▶ _Exercise goal_
Please output exactly the part of the records below that opens with the line containing "Wakil Ketua DPRD" and closes with the line containing "Genesis G70 2019 — 5", both lines included, and nothing else.

▶ _Records shown_

====

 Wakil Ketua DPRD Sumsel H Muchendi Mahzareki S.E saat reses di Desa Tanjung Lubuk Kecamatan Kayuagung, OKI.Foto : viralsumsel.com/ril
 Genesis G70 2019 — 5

====

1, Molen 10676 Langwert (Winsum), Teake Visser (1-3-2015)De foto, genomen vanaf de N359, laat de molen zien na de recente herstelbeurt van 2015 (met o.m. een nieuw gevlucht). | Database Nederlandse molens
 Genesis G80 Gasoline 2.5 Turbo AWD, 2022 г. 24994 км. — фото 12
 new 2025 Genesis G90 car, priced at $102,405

====

▶ _Completed task_
 Wakil Ketua DPRD Sumsel H Muchendi Mahzareki S.E saat reses di Desa Tanjung Lubuk Kecamatan Kayuagung, OKI.Foto : viralsumsel.com/ril
 Genesis G70 2019 — 5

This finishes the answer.